◆ Your task:
Reproduce the tail of the data exactly. It starts at the line containing "Louis Vuitton Monogram" and runs to the last line.

◆ Records to use:
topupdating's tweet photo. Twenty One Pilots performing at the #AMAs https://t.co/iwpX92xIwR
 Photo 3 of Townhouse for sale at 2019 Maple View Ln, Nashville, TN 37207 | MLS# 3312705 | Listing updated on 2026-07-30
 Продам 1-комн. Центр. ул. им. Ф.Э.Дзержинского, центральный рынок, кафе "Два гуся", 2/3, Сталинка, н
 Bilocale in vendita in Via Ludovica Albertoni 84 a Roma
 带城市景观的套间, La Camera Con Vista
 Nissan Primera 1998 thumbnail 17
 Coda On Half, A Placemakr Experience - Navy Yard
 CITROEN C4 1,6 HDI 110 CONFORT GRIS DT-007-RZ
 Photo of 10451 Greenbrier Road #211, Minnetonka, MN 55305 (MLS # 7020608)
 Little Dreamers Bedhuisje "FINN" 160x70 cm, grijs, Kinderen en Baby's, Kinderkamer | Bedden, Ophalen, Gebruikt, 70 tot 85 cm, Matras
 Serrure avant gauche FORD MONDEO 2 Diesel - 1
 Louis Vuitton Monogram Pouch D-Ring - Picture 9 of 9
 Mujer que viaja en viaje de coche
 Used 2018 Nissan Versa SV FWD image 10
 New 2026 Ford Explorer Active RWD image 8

◆ Answer to this task:
 Louis Vuitton Monogram Pouch D-Ring - Picture 9 of 9
 Mujer que viaja en viaje de coche
 Used 2018 Nissan Versa SV FWD image 10
 New 2026 Ford Explorer Active RWD image 8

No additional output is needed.